• _Directions_: Look through the records below for the line holding "Impossible Bus Tracks : Euro Bus Games". Write it out exactly, with each following line through the line holding "De Centrum Residences".

• _Exercise input_:
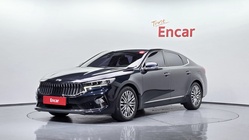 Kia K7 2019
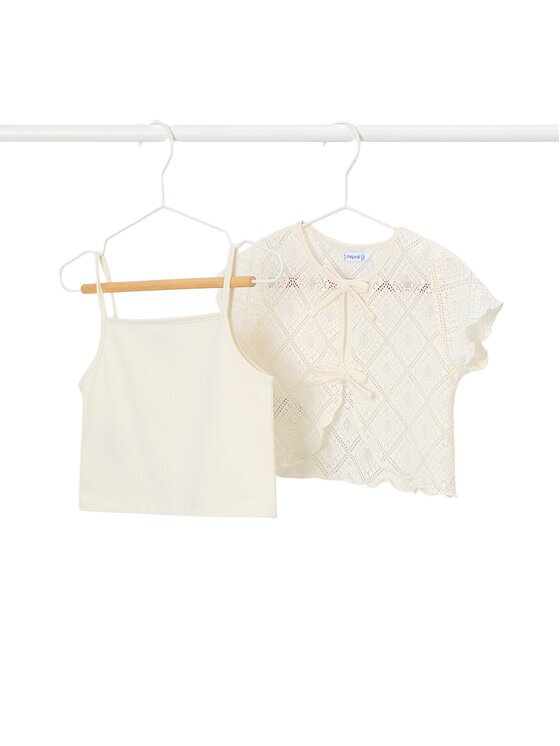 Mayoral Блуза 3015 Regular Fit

---

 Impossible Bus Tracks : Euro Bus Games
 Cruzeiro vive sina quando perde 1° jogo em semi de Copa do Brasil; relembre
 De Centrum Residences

• _Task answer_:
 Impossible Bus Tracks : Euro Bus Games
 Cruzeiro vive sina quando perde 1° jogo em semi de Copa do Brasil; relembre
 De Centrum Residences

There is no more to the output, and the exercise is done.